**** Records supplied

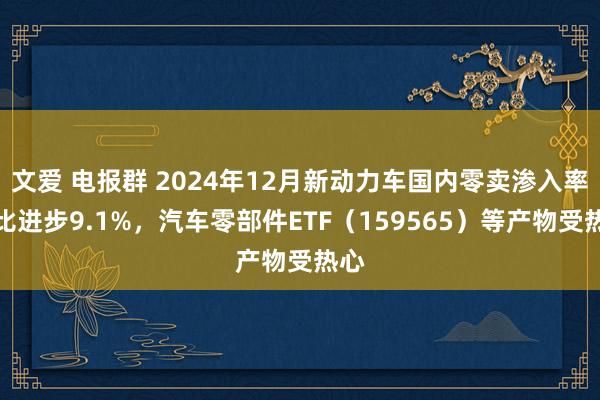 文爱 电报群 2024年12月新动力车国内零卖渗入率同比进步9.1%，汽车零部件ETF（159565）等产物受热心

********
**** Records supplied

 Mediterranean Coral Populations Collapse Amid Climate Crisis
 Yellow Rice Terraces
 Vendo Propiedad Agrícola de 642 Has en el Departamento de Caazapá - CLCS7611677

********

In the records above, find the line with "Mediterranean Coral Populations"; write out exactly that line and each one after it, stopping after the line with "Vendo Propiedad Agrícola".

** Output for this exercise **
 Mediterranean Coral Populations Collapse Amid Climate Crisis
 Yellow Rice Terraces
 Vendo Propiedad Agrícola de 642 Has en el Departamento de Caazapá - CLCS7611677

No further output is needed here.